Eric Smallwood Bio

Originally from West Virginia, Mr. Eric Smallwood has been a student of the American Civil War from a young age. His interest and passion for the complexities of the era have taken him to sites and museums in several states over the years, including Gettysburg PA, where he lived for three years, working as a guide and assistant for carriage and horseback tours, and apprenticing with several historians and authors, all while pursuing the goal
of becoming a licensed battlefield guide.
Life, however, has an interesting way of changing goals, and Eric found himself in northern New Mexico in 2019, working for the National Scouting Museum. There, he fell in love with the fascinating history of the American West and has lived west of the Mississippi ever since.

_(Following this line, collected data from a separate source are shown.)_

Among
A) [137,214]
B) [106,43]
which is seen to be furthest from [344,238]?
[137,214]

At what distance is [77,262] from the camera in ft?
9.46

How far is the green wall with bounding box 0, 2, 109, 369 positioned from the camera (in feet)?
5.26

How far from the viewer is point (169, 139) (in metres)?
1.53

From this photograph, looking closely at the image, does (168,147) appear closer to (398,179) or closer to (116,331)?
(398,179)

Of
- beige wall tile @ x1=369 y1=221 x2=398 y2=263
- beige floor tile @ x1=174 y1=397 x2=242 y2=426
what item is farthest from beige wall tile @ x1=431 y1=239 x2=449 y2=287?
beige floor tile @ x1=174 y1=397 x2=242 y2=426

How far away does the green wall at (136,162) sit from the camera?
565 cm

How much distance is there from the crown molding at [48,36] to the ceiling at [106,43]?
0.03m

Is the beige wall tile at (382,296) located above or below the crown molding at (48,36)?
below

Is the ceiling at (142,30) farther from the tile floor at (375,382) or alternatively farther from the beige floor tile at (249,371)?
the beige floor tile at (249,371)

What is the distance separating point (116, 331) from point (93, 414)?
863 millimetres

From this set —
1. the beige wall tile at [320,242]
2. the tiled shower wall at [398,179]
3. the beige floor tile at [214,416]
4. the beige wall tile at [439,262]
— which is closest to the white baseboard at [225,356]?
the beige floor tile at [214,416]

Moving to Lawrence KS in 2022, after a year working for the National Park Service at Bent’s Old Fort, his focus has shifted toward the events of Bleeding Kansas and the larger buildup of conflicts and emotions that caused nationwide war to erupt in 1861. Today, Eric is employed by the Kansas Historical Society as Site Administrator of Constitution Hall State Historic Site in Lecompton KS, where the infamous Lecompton Constitution was drafted in 1857.
The title of Eric’s program is: "Suffer and Be Strong", The Wakarusa War of 1855. Five years before South Carolina seceded from the Union, military units of northern and southern Americans faced off against one another on the field of battle over the political issue of slavery for the first time, in the opening act of what we now call "Bleeding Kansas". Though it was nearly bloodless, the "Wakarusa War", as it would come to be known, was a dark omen of things to come for the next decade of American history, and was where many of the leading figures of Bleeding Kansas began to gain their fame.